== WHAT IS REQUIRED ==
Please repeat the records below exactly, skipping any pictures.

== TASK INPUT ==
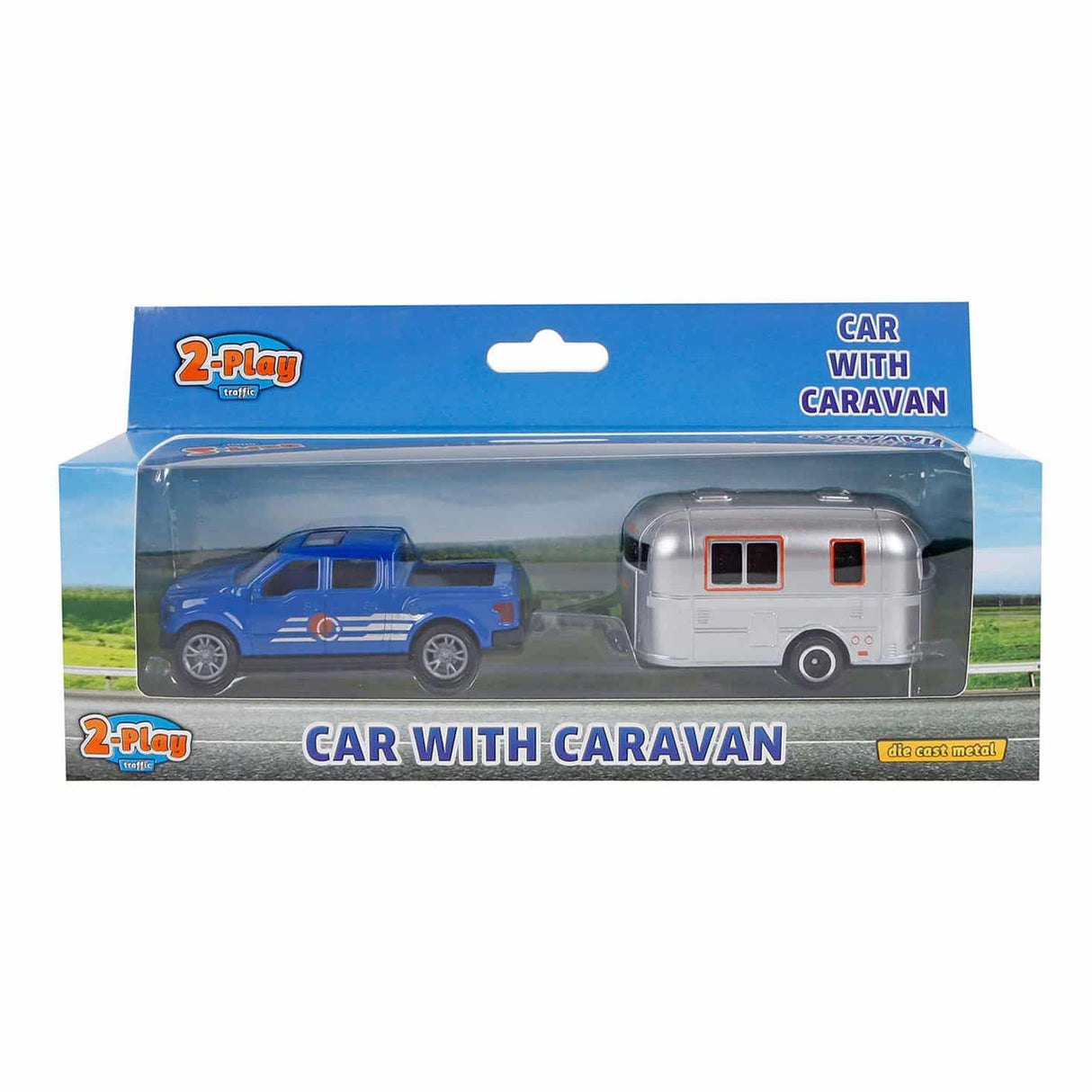 Cilgro 2-play car with caravan 17 cm long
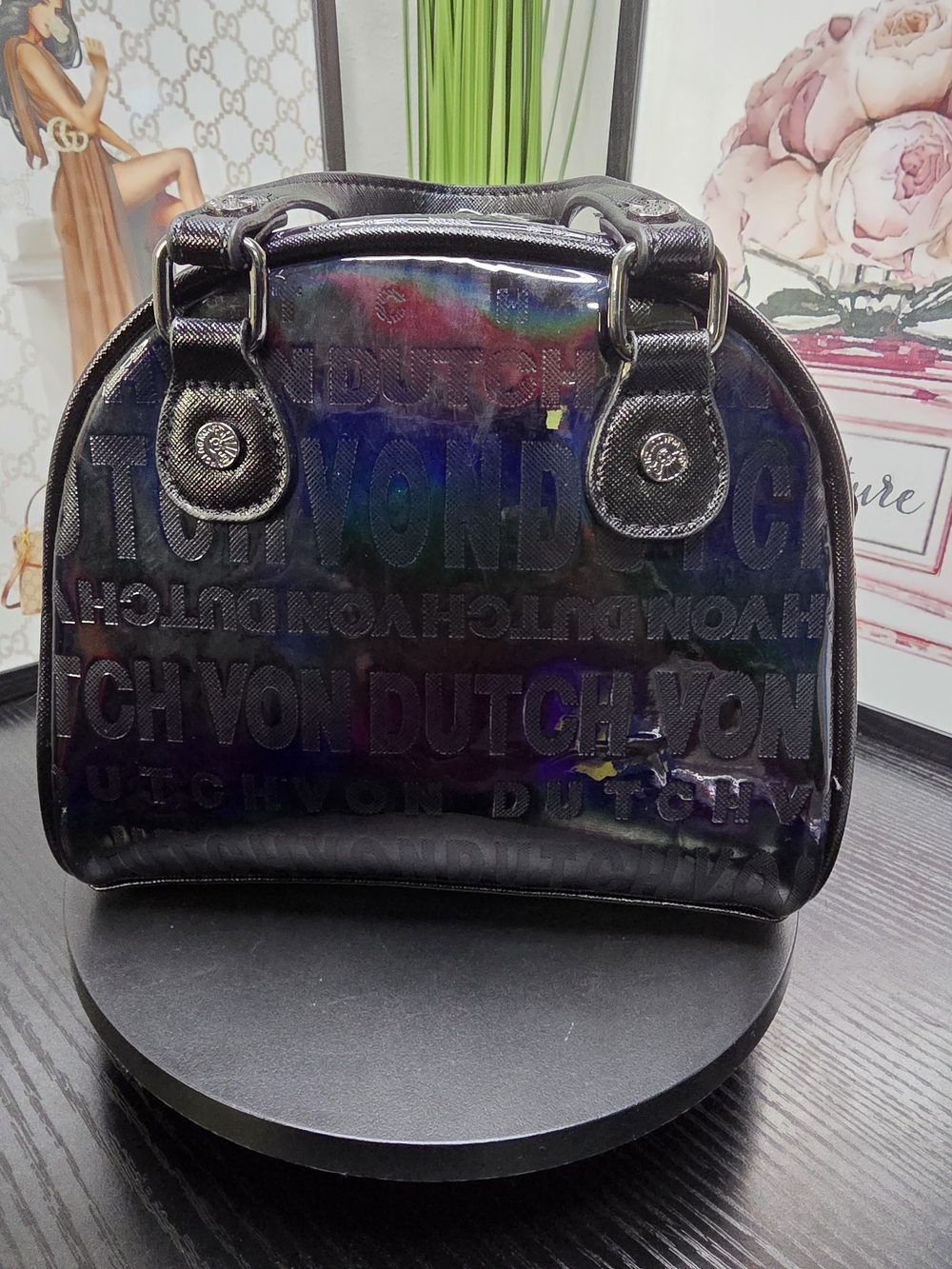 Von Dutch Black Patent Bag - Picture 2 of 6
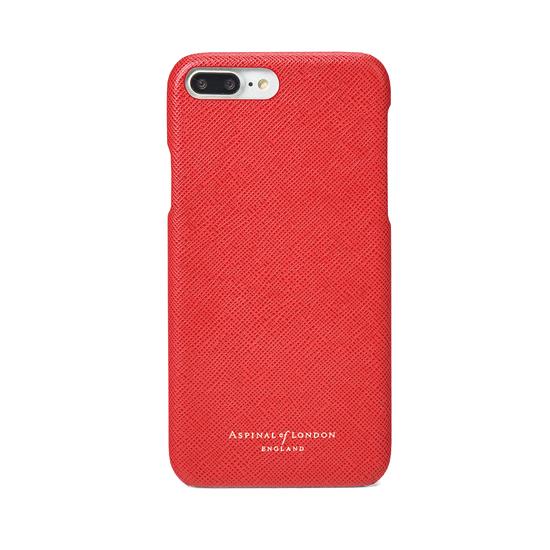 iPhone 7 Plus Leather Cover in Dahlia Saffiano from Aspinal of London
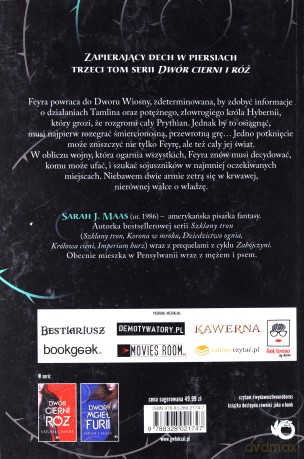 Dwór skrzydeł i zguby. Dwór cierni i róż (Tom 3) - Sarah J. Maas [KSIĄŻKA]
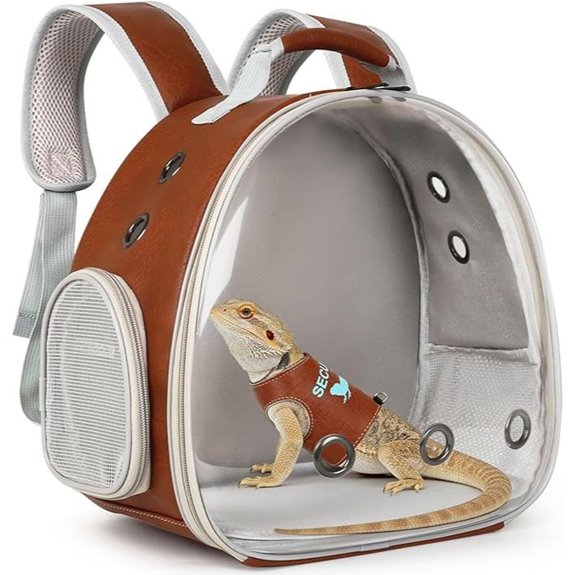 Bearded Dragon Carrier Backpack with Security Harness Set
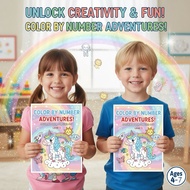 Coloring Book By Number Adventures! (Download Pdf) For Children Aged 4-7 Years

== ANSWER SPACE ==
 Cilgro 2-play car with caravan 17 cm long
 Von Dutch Black Patent Bag - Picture 2 of 6
 iPhone 7 Plus Leather Cover in Dahlia Saffiano from Aspinal of London
 Dwór skrzydeł i zguby. Dwór cierni i róż (Tom 3) - Sarah J. Maas [KSIĄŻKA]
 Bearded Dragon Carrier Backpack with Security Harness Set
 Coloring Book By Number Adventures! (Download Pdf) For Children Aged 4-7 Years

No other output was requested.